**The problem:**
The answer must reproduce exactly the lines from the one with "Kadıkalesin'de Panoramik Deniz" through the end of the material, and it must contain no pictures.

**Data shown:**
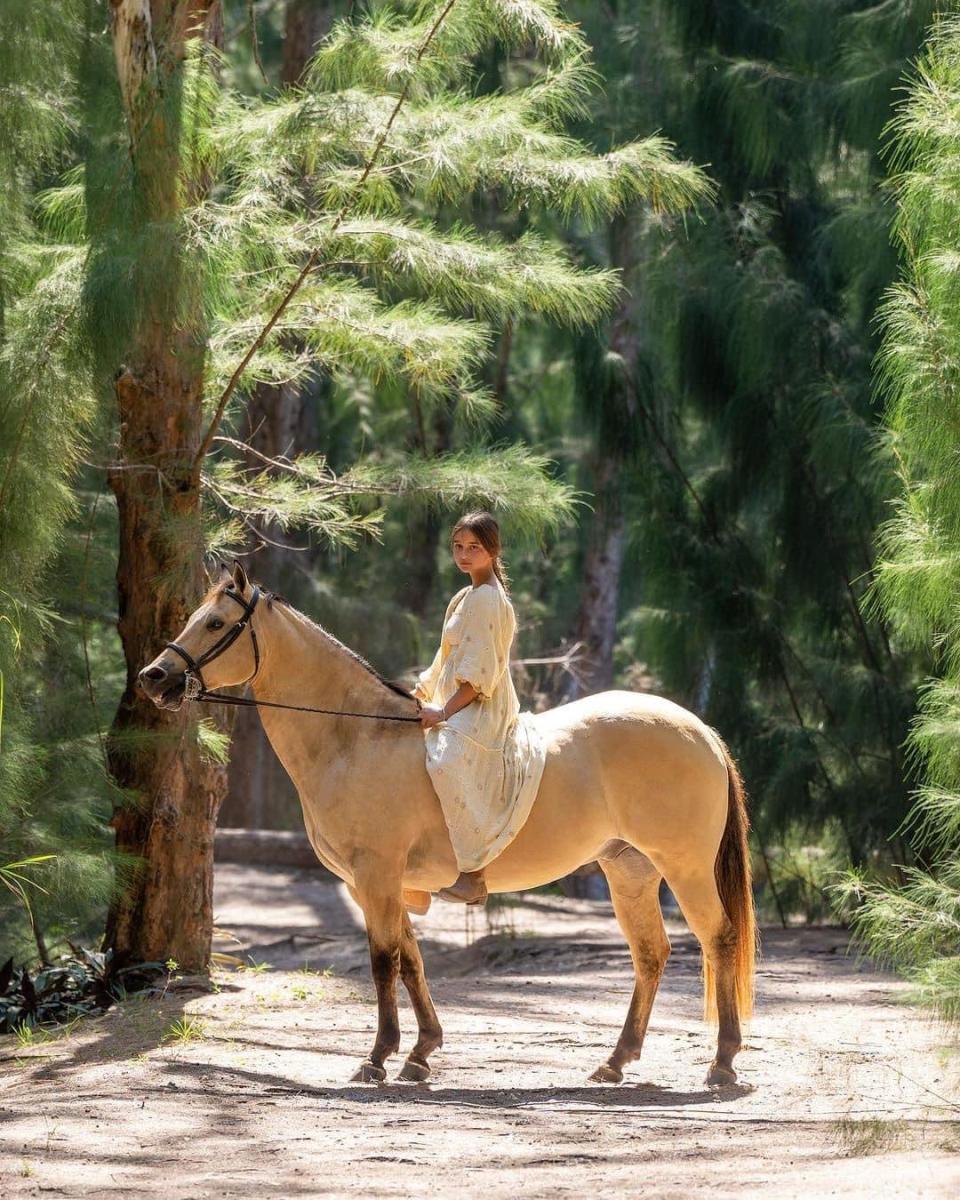 阿拉貝拉坐在馬背上，美麗又可愛。（翻攝Ivanka Trump IG）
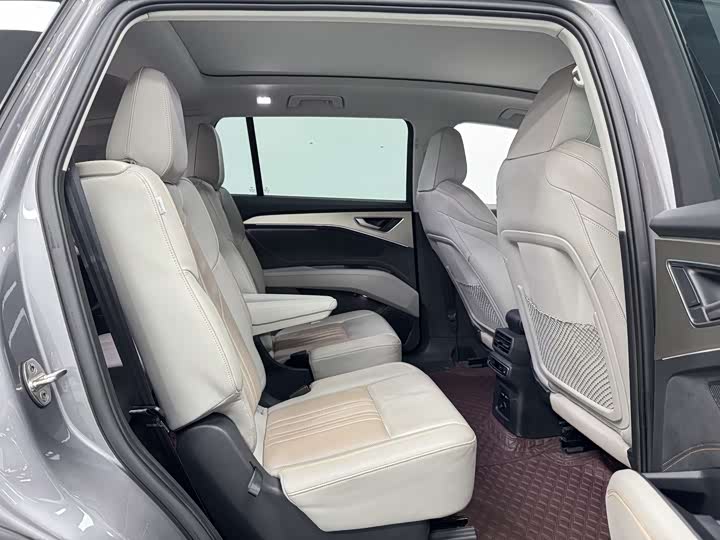 Audi Q5 e-tron 2022 2022款 40 e-tron 星耀型 机甲套装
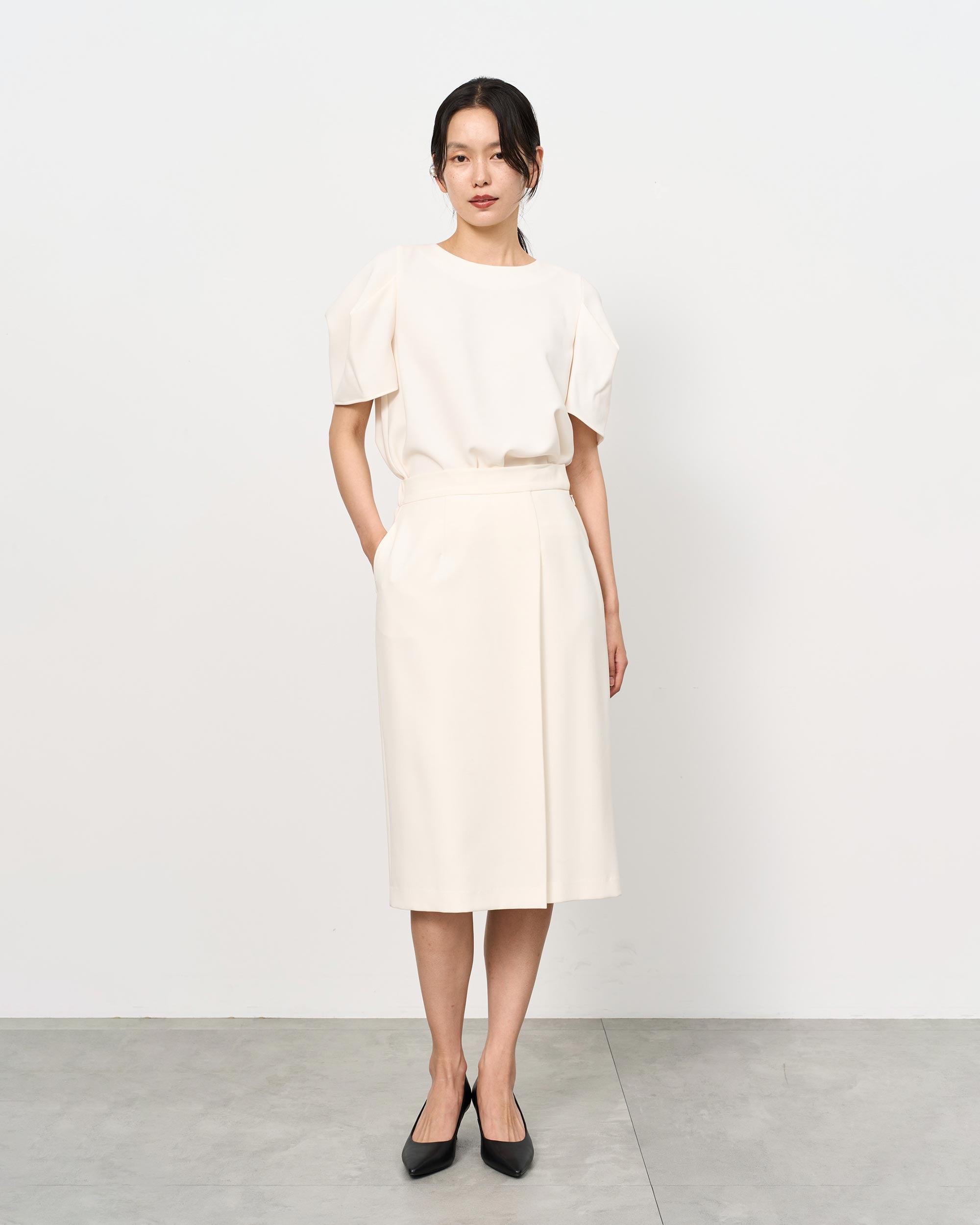 肩タックブラウス - SOÉJU online store｜上質な大人の女性のための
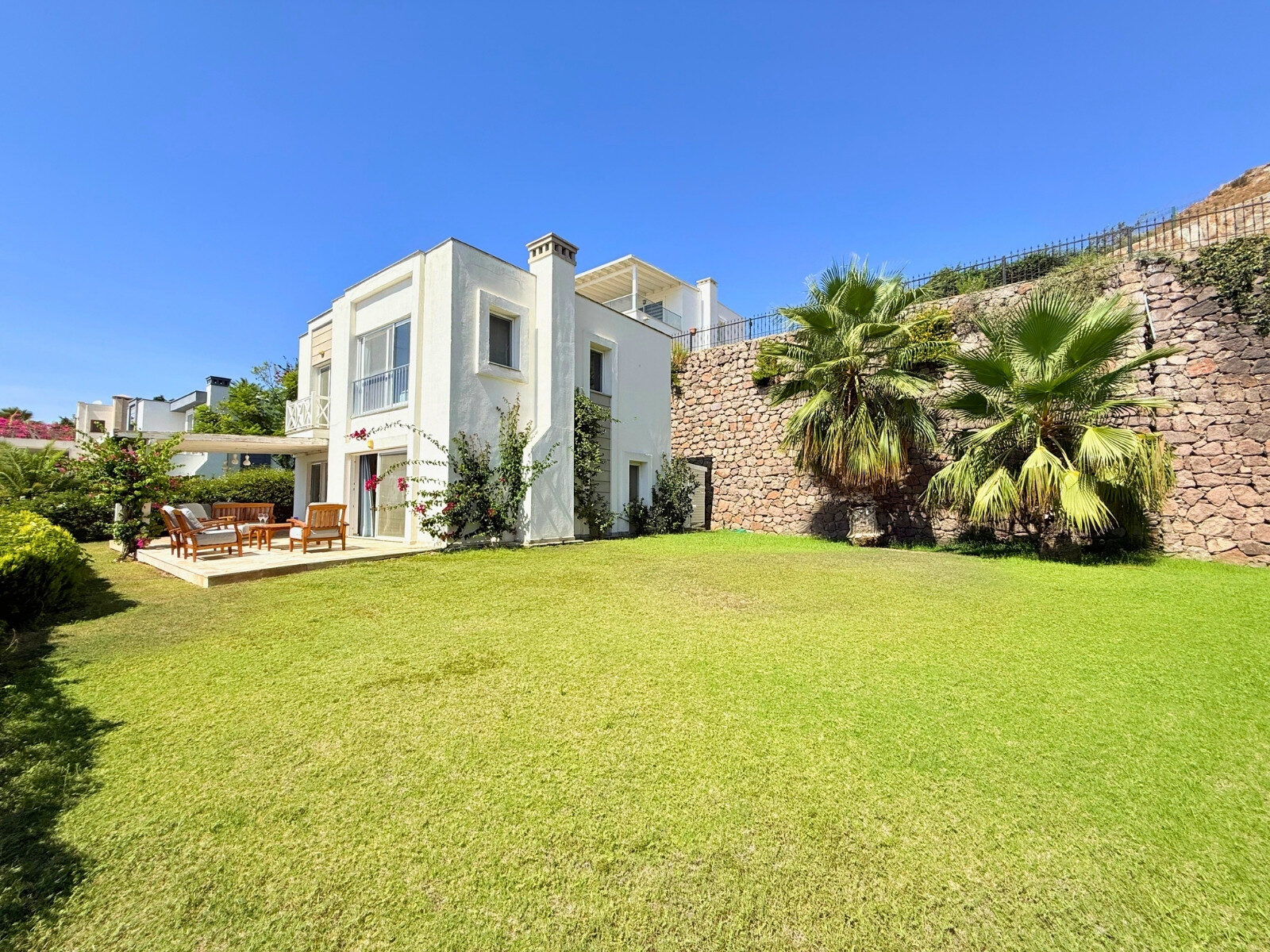 Kadıkalesin'de Panoramik Deniz Manzaralı ve Bahçeli 4+1 Villa — Gümüşlük fotoğraf 3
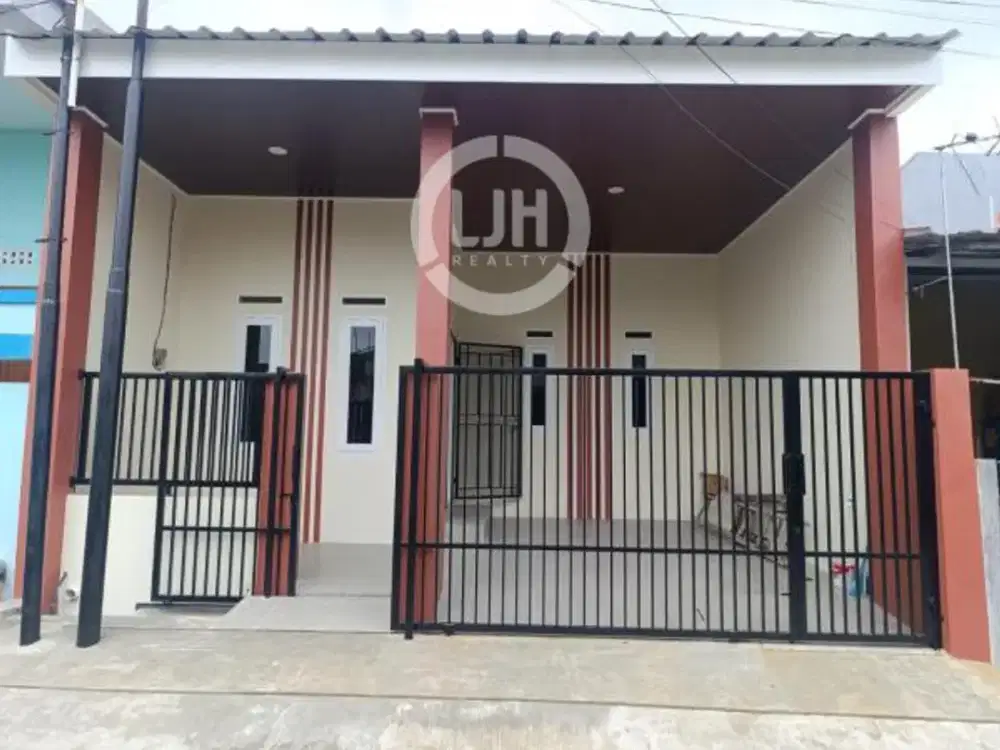 Rumah di Taman Harapan Indah Bekasi Jawa Barat Sudah Tinggi Dari Jalan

**Exercise response:**
 Kadıkalesin'de Panoramik Deniz Manzaralı ve Bahçeli 4+1 Villa — Gümüşlük fotoğraf 3
 Rumah di Taman Harapan Indah Bekasi Jawa Barat Sudah Tinggi Dari Jalan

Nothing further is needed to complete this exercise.